Emergency Physician at Greater San Antonio Emergency Physicians (GSEP)
Creator & Founder of R.E.B.E.L. EM
5 Comments
  • Parienti
    Posted at 04:15h, 19 November Reply

    Thank you for your comments regarding our academic work entitled ” Intravascular Complications of Central Venous Catheterization by Insertion Site”. I would like to clarify one point regarding the study design.

    The use of selective exclusion in multi-arm trials does not necessary introduce selection bias as you suggested, provided that the data are analyzed correctly. Of note, investigators took the decision “not to include” one arm (a majority of subclavian in our study) before randomization (i.e. in compliance with the allocation concealment).

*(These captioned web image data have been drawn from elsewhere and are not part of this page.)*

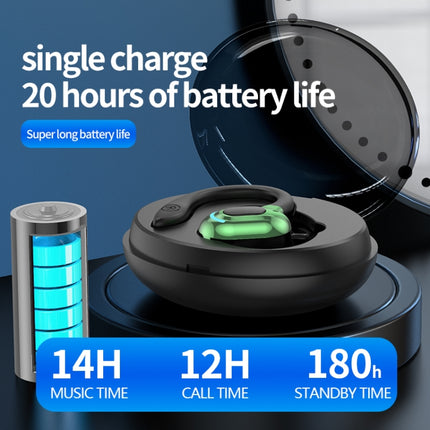 F8 Hanging Ear Stereo Wireless Bluetooth Earphones With Charging Bin, With Charging Bin(Black Single Ear), With Charging Bin(Blue Single Ear), With Charging Bin(Red Single Ear), With Charging Bin(Green Single Ear)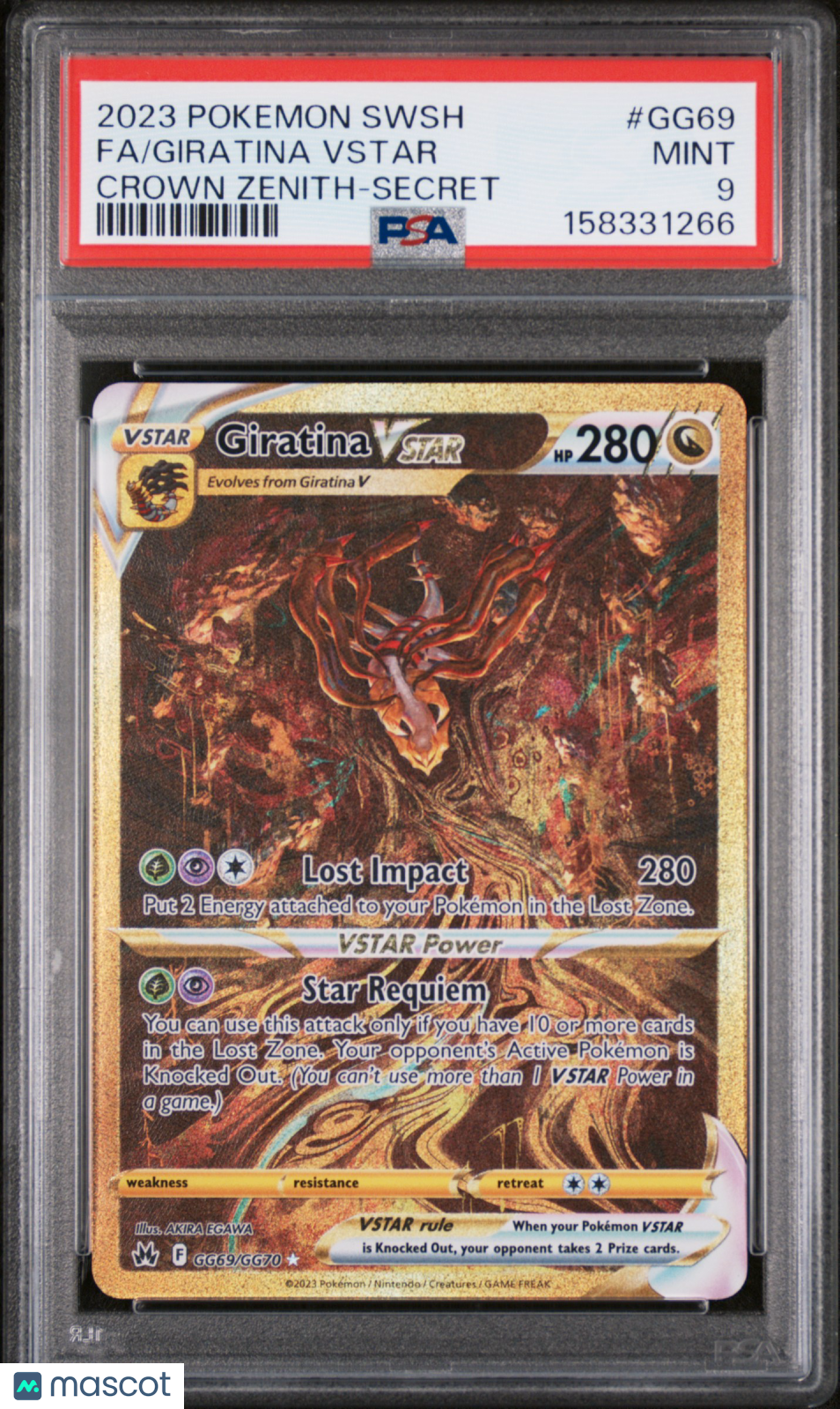 2023 Crown Zenith Giratina VSTAR PSA 9 #GG69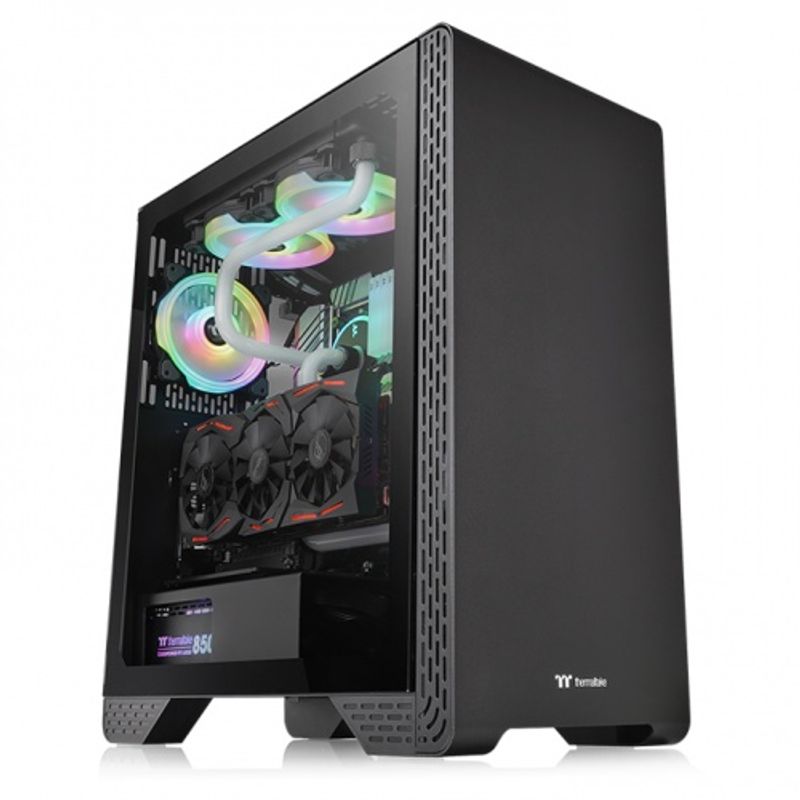 Gabinete THERMALTAKE CA1P500M1WN00 Gabinete Vidrio SPCC ATX Negro 6005460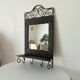 Miroir tablette vintage en fer forgé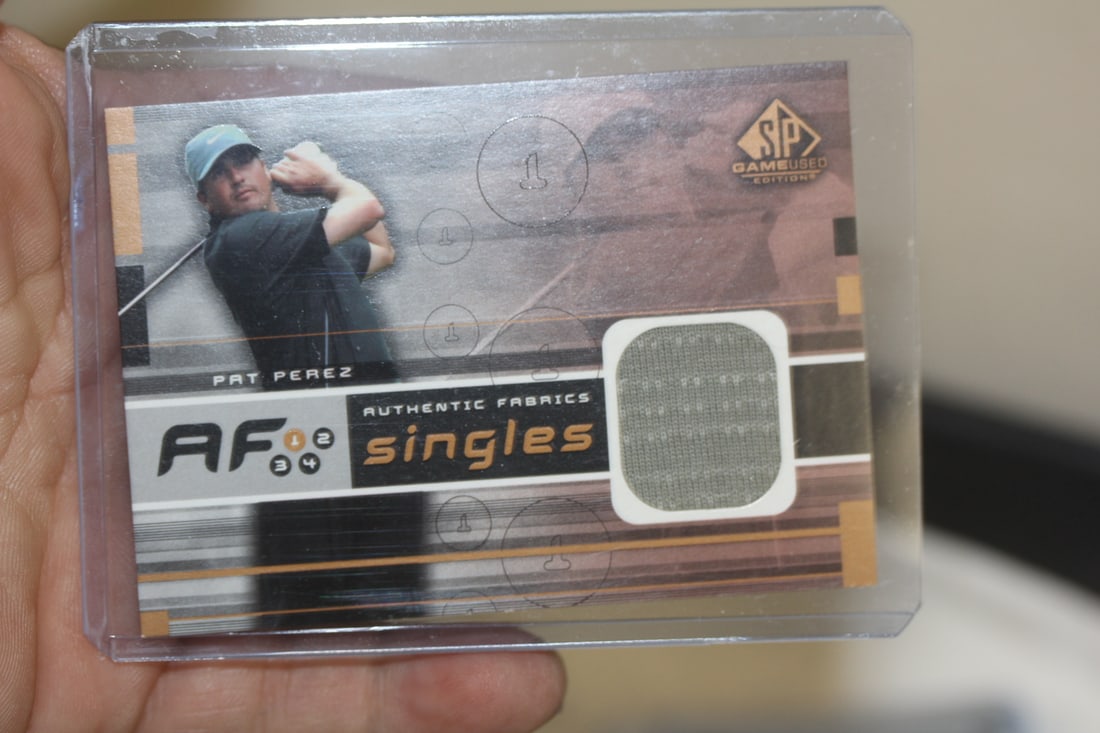 Pat Perez Jersey Card (1 of 2)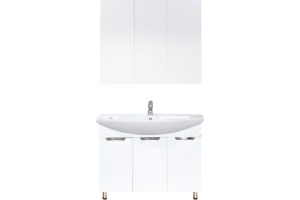 Мебель для ванной Misty Лаванда 105 прямая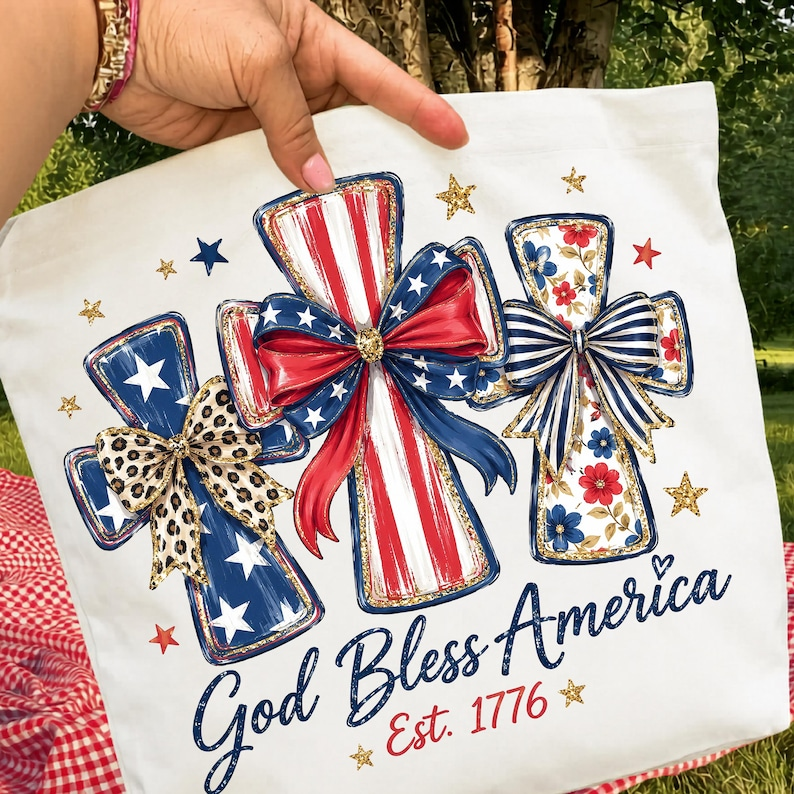 God Bless America Cross Shirt, Vintage Patriotic Christian Tee, USA Flag Floral Cross Fourth of July Shirt, 250th Anniversary Shirt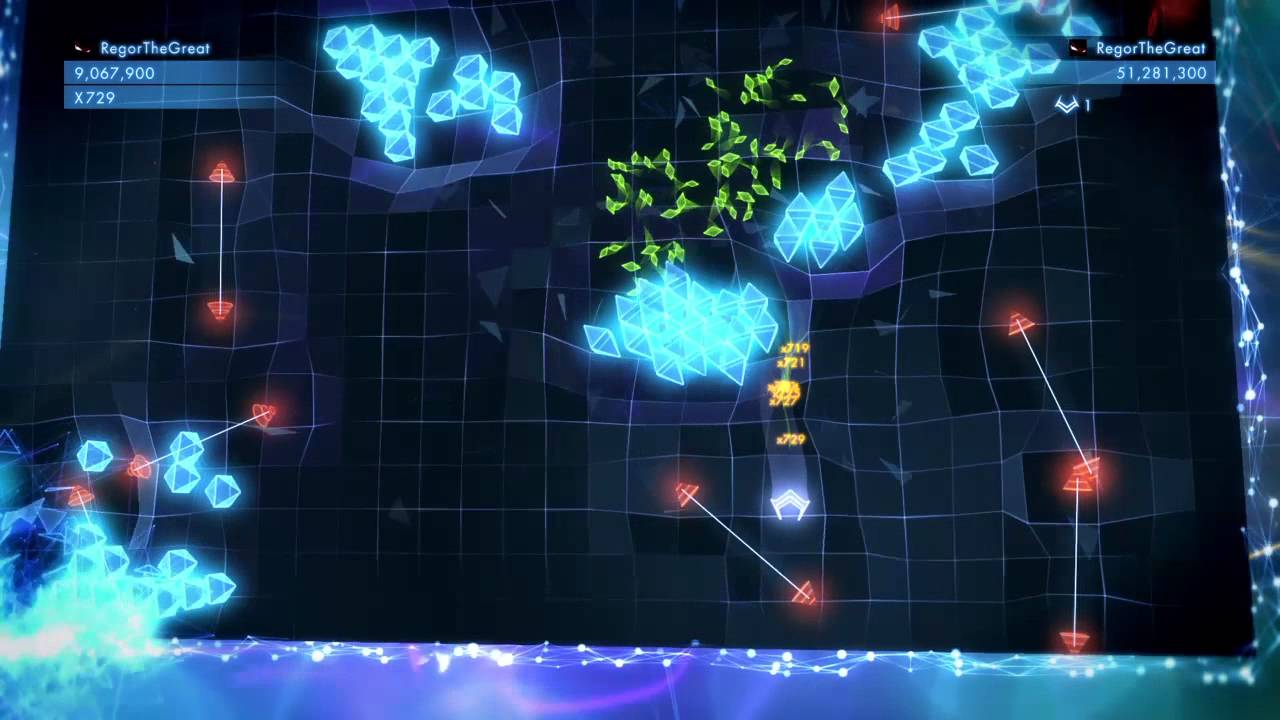 Geometry Wars&sup3;: Dimensions_Classic Mode Pacifism_66 million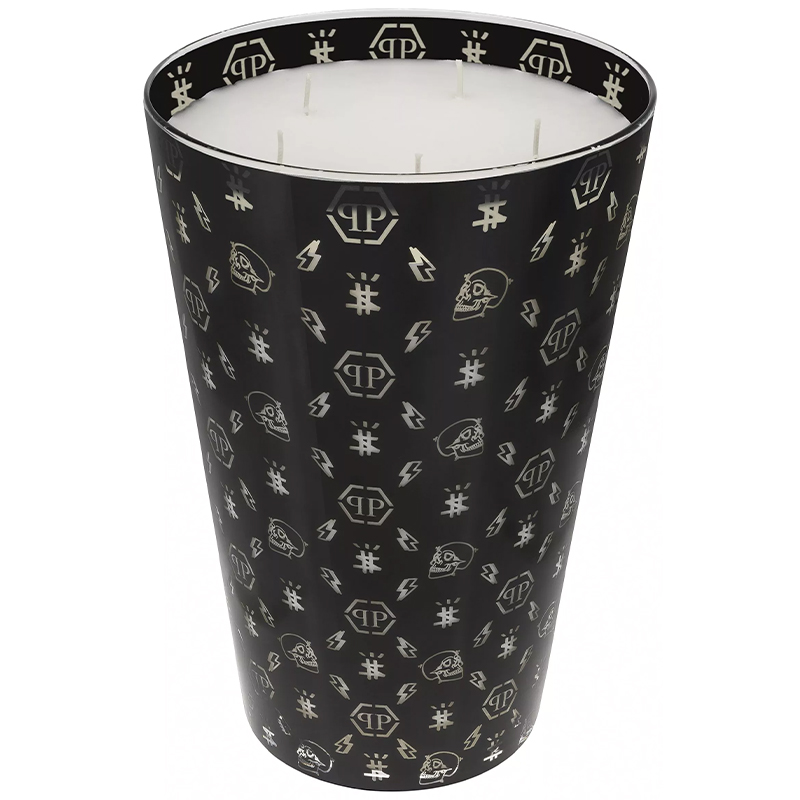 Свеча Philipp Plein Candle Monogram XL Черный Белый в Перми | Loft Concept 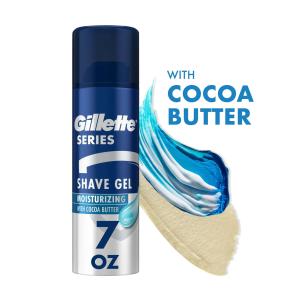 Gillette Series Moisturizing Shave Gel For Men With Cocoa Butter
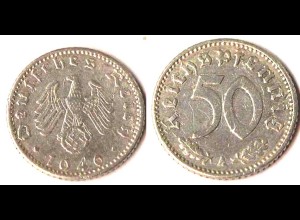 Jäger 372 - Deutsches Reich 50 Reichspfennig 1940 A (729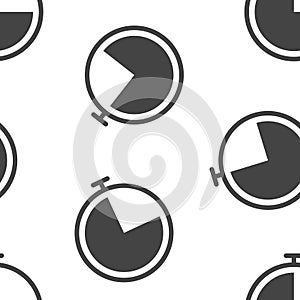 Vector icon speedometer. Flat image speedometer seamless pattern on a white background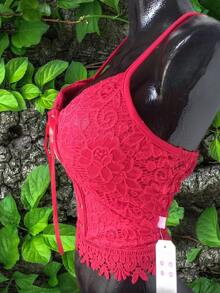 Corset Rojo de Encaje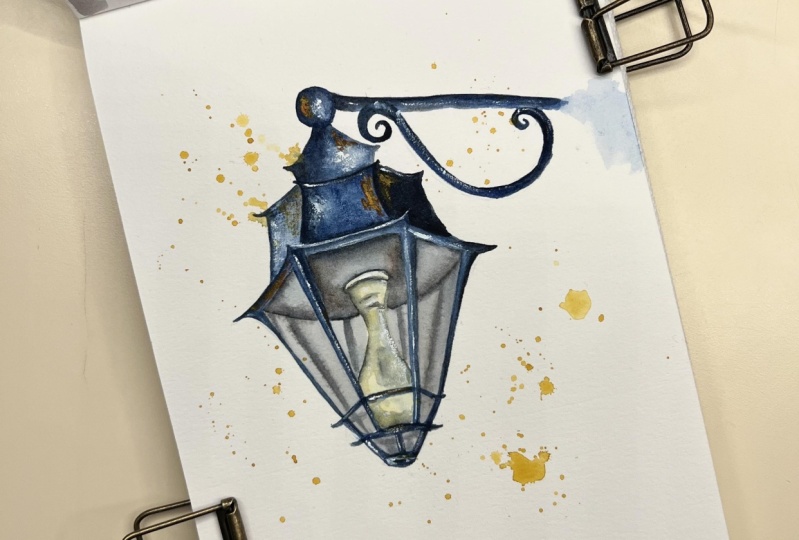 Street lamp practice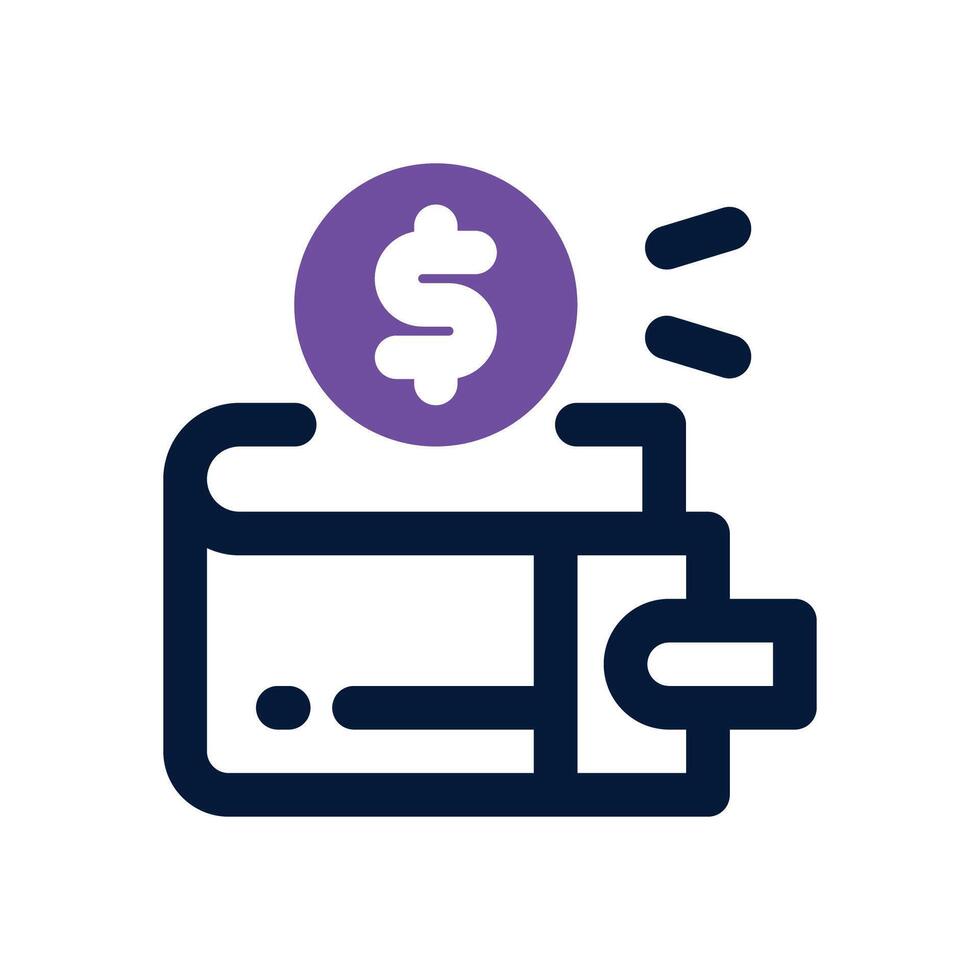 save money dual tone icon. Sleek and modern icon for websites and mobile apps. vector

    In order to keep the advantage of random allocation, the analysis should compare only arms that were included in the randomization scheme and this was done in the paper to anticipate the risk of selection bias you correctly identified. For example, when comparing the 3 sites, only catheters randomized in the 3-choice group were included (please see the Figure 1 of the article for more details). When we reported that there were 8, 20 and 22 events in the SC, IJ and femoral sites respectively”, it is important to note that these events occured among the 2,532 (72.9%) catheters that were placed in patients in whom all three sites were 1:1:1 randomized in the three-choice comparison (i.e. deemed accessible).

    Of course, the intent-to-treat principle also contributes to keep the comparison valid, although it imputed half of the catheter-related bloodstream infection to the subclavian site for catheters that were inserted in the alternative sites. Nevertheless, despite this penalty, the subclavian site remained superior in terms of intravascular complications.

    I have no conflict of interest to declare, except that I was responsible of the analysis of the study.

    • Anand Swaminathan
      Posted at 07:34h, 19 November Reply

      Thanks for listening and for dropping your comments here. Always nice to get the authors on to give us their thoughts.

      The study is truly an amazing effort and contributes quite a bit to the discussion on central lines. We thought that the double randomization scheme was pragmatic since we often run into this with actual patients (i.e. only 2 sites available). Our concern was that the clinicians selected out the difficult group for subclavian (this is apparent as it was the most commonly excluded site in the 2 site arm) leaving an overall low risk subclavian group. Again, this is likely to reflect real life but should be noted. If all three sites were equally excluded from inclusion in the 2 site arm of the trial, I would be less concerned about a selection bias.

      Regardless, I end up with the same take home. There is no perfect central line site. The right one for your patient takes into account patient factors and clinician skill set.

      Thank you again for taking the time to comment here. This will further improve the quality of the discussion on these critical articles.